(Extracted data entries)
--------------------------------------------------

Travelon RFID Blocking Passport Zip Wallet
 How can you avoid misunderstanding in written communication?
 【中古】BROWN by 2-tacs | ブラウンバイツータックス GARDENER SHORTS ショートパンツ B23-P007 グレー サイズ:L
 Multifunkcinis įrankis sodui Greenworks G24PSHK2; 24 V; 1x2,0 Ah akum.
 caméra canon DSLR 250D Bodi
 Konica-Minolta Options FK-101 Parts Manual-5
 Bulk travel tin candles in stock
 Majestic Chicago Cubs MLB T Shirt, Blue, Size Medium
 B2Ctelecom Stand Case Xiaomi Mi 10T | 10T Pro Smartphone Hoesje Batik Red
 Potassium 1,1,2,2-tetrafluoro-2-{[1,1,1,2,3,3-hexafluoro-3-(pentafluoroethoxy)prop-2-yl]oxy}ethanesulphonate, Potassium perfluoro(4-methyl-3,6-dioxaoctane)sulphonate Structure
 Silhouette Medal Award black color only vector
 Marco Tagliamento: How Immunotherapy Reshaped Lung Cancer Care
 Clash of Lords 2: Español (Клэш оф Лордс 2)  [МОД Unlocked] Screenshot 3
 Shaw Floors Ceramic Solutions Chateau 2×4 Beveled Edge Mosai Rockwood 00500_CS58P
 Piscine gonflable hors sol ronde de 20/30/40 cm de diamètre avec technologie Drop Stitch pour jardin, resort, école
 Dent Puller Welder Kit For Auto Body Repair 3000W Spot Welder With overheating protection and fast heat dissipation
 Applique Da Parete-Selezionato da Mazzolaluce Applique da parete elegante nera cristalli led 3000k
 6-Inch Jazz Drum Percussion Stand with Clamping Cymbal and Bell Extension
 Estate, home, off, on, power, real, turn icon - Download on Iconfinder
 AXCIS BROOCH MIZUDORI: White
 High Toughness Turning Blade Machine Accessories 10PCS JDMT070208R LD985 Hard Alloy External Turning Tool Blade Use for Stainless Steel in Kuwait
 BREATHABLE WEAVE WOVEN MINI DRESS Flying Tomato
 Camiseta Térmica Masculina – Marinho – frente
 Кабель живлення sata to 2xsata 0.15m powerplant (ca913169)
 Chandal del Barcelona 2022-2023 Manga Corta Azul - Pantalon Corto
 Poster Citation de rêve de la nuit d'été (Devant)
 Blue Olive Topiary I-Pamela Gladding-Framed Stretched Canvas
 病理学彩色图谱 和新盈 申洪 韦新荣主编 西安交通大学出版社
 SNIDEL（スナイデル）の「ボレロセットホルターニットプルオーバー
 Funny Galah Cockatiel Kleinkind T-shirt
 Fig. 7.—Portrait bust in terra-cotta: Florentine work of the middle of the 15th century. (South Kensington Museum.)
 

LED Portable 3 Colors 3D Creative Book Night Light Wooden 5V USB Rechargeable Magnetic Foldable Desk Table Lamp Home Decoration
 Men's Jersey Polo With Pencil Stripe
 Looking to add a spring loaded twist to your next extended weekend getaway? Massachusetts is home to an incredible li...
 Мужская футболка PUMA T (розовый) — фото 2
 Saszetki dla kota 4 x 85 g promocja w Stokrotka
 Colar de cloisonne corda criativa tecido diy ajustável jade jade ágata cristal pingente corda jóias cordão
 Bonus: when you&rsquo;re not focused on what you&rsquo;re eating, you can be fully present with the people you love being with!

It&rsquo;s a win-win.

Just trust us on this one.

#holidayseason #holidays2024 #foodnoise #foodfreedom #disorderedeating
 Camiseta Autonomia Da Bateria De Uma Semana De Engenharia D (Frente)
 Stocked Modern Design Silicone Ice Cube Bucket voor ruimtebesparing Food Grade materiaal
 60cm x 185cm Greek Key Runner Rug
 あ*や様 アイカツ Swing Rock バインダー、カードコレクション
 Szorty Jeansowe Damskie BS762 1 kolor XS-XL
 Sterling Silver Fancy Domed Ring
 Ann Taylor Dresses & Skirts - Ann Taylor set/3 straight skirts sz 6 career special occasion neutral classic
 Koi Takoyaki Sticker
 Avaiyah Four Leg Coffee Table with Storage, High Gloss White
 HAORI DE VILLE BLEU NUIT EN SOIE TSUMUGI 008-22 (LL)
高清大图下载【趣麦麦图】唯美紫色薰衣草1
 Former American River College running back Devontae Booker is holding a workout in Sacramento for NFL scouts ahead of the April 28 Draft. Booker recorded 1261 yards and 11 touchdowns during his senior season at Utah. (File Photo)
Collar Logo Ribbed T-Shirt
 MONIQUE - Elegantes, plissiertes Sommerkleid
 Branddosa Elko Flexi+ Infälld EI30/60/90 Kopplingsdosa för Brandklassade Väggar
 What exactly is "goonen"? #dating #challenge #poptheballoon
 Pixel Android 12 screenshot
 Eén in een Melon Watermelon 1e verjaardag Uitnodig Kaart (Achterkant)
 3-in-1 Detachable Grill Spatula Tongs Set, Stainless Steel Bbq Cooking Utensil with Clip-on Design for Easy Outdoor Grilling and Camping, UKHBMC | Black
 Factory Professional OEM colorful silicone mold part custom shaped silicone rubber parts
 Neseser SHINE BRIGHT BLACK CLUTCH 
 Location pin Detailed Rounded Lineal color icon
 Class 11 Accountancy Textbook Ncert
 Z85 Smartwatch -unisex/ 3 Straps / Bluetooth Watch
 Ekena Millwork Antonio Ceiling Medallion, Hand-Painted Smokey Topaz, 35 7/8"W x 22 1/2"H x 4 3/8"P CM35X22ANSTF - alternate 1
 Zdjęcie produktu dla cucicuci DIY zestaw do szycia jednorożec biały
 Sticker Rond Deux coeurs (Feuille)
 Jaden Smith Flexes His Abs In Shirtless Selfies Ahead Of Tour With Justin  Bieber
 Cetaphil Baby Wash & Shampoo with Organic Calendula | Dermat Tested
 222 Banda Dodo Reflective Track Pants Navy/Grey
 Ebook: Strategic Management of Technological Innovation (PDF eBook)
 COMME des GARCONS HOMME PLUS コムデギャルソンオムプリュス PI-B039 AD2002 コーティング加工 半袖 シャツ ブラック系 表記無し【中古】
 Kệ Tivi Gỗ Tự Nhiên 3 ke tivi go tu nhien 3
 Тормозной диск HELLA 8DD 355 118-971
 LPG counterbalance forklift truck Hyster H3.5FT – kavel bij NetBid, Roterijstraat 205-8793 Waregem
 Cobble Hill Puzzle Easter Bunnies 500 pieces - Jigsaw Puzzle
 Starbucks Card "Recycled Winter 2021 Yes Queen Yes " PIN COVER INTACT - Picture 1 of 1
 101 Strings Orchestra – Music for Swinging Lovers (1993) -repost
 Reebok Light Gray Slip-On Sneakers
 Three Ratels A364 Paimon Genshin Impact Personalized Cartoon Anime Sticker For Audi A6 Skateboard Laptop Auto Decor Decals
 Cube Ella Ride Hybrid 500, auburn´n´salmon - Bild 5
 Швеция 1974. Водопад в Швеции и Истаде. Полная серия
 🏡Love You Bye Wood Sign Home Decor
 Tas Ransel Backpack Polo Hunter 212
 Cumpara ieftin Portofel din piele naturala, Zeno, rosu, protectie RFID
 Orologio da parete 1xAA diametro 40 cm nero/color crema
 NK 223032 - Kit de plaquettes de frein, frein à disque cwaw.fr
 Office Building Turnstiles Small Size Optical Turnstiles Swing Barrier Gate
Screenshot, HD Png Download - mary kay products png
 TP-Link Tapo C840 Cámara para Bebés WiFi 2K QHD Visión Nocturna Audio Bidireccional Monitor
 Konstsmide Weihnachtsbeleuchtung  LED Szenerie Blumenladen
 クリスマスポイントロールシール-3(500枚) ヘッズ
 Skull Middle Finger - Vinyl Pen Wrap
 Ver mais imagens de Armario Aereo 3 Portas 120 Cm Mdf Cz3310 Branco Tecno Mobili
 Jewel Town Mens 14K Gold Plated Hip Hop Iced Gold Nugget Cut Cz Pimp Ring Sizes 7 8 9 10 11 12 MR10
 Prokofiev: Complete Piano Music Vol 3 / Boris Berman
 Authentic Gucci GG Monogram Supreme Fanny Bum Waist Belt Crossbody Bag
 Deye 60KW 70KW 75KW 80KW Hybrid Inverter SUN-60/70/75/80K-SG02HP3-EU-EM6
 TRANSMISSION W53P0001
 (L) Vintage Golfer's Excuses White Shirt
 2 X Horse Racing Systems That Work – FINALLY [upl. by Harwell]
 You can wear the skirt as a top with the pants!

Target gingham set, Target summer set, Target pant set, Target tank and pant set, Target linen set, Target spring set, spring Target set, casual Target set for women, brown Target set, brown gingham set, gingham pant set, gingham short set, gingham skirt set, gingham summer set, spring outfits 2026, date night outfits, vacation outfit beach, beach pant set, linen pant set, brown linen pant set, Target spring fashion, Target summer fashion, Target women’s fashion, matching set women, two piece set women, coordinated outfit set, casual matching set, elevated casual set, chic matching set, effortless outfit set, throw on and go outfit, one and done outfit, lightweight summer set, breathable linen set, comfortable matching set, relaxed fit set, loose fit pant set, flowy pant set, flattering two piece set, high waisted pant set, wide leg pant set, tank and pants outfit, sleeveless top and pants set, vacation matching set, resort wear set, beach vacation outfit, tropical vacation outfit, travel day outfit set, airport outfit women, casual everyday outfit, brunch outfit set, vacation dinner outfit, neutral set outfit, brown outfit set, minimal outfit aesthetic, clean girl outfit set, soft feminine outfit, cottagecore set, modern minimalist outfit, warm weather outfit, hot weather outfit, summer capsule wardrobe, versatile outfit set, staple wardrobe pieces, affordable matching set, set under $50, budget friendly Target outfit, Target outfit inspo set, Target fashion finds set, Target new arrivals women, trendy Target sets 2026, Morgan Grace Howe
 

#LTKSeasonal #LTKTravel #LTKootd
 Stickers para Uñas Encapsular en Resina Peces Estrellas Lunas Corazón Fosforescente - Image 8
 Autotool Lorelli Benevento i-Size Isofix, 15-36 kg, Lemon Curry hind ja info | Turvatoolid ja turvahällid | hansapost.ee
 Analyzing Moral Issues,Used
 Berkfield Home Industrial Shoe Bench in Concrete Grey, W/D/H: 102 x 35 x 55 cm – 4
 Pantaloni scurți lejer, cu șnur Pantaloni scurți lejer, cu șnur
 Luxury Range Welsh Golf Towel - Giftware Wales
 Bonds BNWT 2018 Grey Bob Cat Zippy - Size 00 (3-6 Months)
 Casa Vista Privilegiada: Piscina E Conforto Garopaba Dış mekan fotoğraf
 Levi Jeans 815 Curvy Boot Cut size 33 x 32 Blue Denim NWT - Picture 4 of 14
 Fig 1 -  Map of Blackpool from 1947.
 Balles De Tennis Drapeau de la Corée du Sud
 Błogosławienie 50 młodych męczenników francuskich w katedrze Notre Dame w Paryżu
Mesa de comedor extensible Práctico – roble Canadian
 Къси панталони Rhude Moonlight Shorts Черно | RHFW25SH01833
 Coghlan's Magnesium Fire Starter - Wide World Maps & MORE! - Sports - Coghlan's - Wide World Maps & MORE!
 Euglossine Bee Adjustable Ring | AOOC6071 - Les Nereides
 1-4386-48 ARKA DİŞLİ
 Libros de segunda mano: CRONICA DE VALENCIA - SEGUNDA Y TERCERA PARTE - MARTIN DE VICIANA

--------------------------------------------------

**Instructions to follow**
If the string "Hybrid" is in a line of the entries, pick that line out.

**Exercise response**
 Cube Ella Ride Hybrid 500, auburn´n´salmon - Bild 5
 Deye 60KW 70KW 75KW 80KW Hybrid Inverter SUN-60/70/75/80K-SG02HP3-EU-EM6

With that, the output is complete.